Unless you’ve made your residence under a local boulder, you’ve probably been following at least some of the drama surrounding the Casey Anthony murder trial. The 23-year-old single mother was arrested in connection with the 2008 death of her daughter, Caylee.
After three years of investigation and one of the most media-saturated trials since O.J. Simpson’s, Anthony was found not guilty of first degree murder, aggravated child abuse and aggravated manslaughter. Although she was acquitted of the murder charges, she was still found guilty of providing false information to police investigators and sentenced to one year and $1,000 for each of four misdemeanor counts.
Shock and outrage spread across the country from social media to cable news as crowds outside the courthouse carried signs reading, “Justice for Caylee.” Jurors are reportedly being harassed over the acquittal, some even having their lives threatened.
It is hard to accept a verdict like this when the victim is an adult and nearly impossible when a young child is involved.

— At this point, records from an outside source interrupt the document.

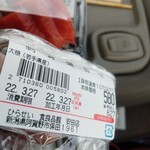 生鮮広場 - 車内にて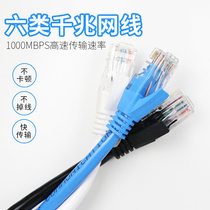 Gigabit cable ultra-six types of broadband short cable finished computer network wire users outdoor game monitoring special line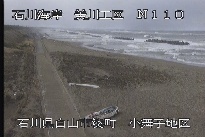 美川海岸小舞子 のカメラ画像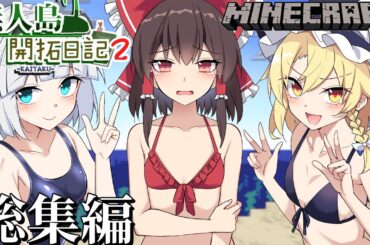 【マイクラマルチ】僕らの無人島開拓日記2　総集編【ゆっくり実況】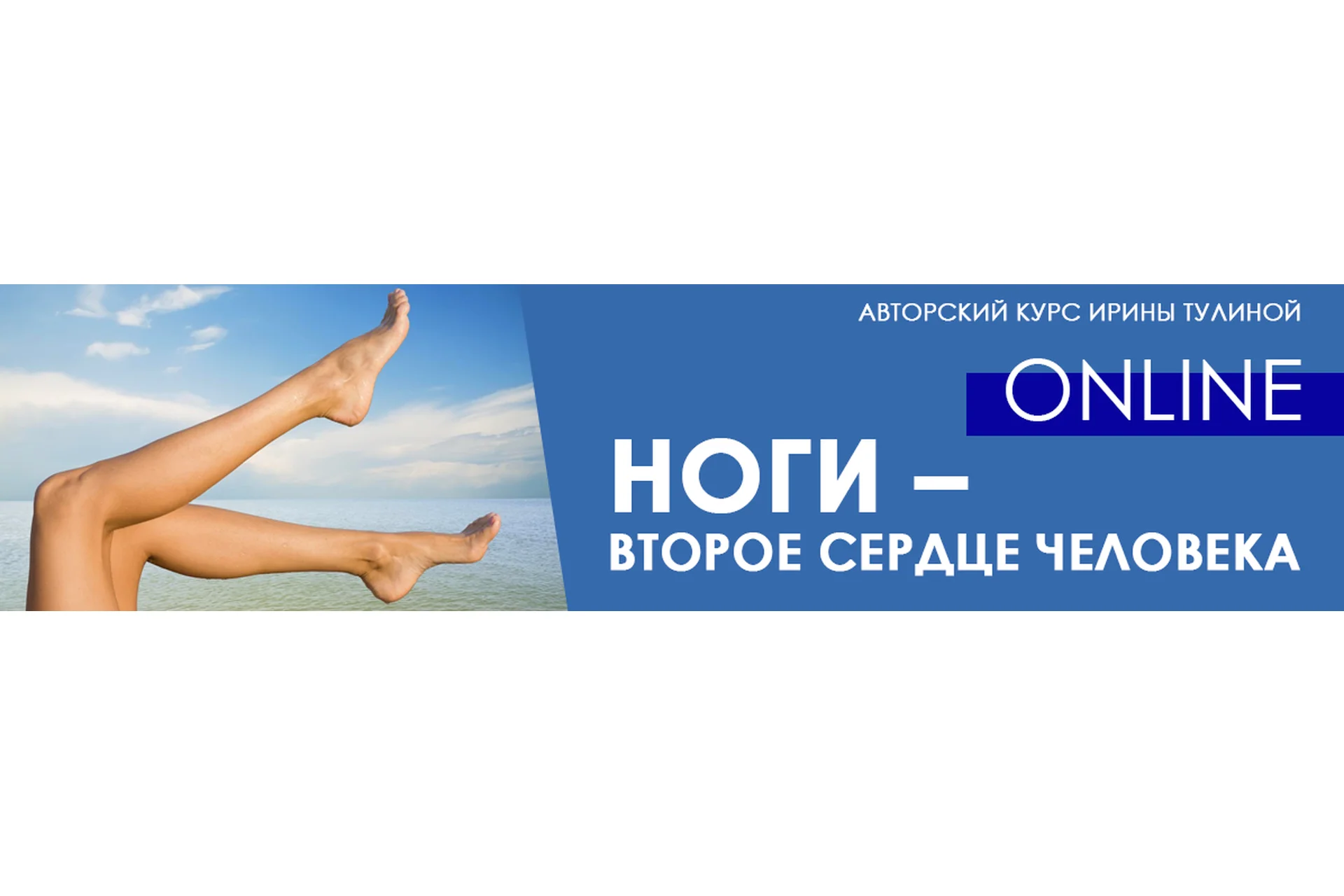 [Центр Норбекова] Ноги – второе сердце человека (Ирина Тулина, Юрий Чернолецкий), фото 1 из 1.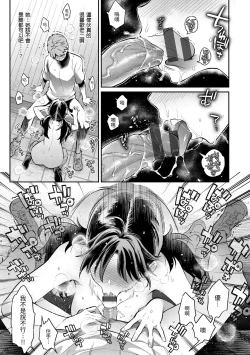 Page 19 of Anata to Gachinko Taiketsu - ANATA TO GACHINKO BATTLE!!!!! + Toranoana Gentei Leaflet ｜與你的強棒對決♥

But people need to remember the legal process in America is neither perfect nor infallible. Prosecuting and convicting someone in a case like this is strongly dependent on the nature of the crime as revealed by the evidence and testimony presented in open court.
As they listen to both sides of a case, jurors are expected to be as objective as possible. During deliberations, they are instructed to consider each charge and whether the facts presented justify sending someone to death row.
A jury deliberating on a capital crime has difficult and emotionally challenging job. Blaming them for following the instructions given them by the judge is unreasonable and unfair. Keep in mind that “not guilty” does not mean the same thing as “innocent.” It simply means that there wasn’t enough evidence to warrant a conviction on the charges presented.
Some experts argue that the prosecution rushed to conclusions by arresting Casey Anthony, instead of waiting until they had enough evidence to make a stronger case. Others believe any hope of a conviction was lost in this case because the death penalty was on the table.
In such a situation, the burden of proof is on the prosecution. The state must convince the jury, beyond a reasonable doubt, that the defendant perpetrated the murder as described and present the proper evidence to support the details of the argument.
Guilty or not, from the beginning Casey Anthony faced a trial and conviction in the media. Fortunately, the armchair quarterbacks on the cable news channels are not the ones in the jury box.
For many parents who followed this trial, there is no question of Anthony’s guilt. Others are convinced the child’s death was a terrible accident, covered up by a selfish and dysfunctional family desperate to dodge responsibility.
Sentenced to four years in prison for the misdemeanor counts. With time served and good behavior credit applied Casey Anthony will re-enter society on Sunday, July 17th as a free woman. Sadly, the truth of what happened to little Caylee may never see the light of day.
Whether the outcome of this trial could be called “justice” is something that will be debated for years. Ultimately, it is the job of the defense attorney to get an acquittal, or to negotiate for a minimal charge, not prove the client’s innocence.
Though the words do not appear in either the Declaration of Independence or the U.S. Constitution, America’s legal practitioners have always tried to follow the age-old, democratic concept of innocent until proven guilty. Given how the modern system operates, however, perhaps the over-quoted legal maxim should be changed to read, “Innocent until proven not guilty.”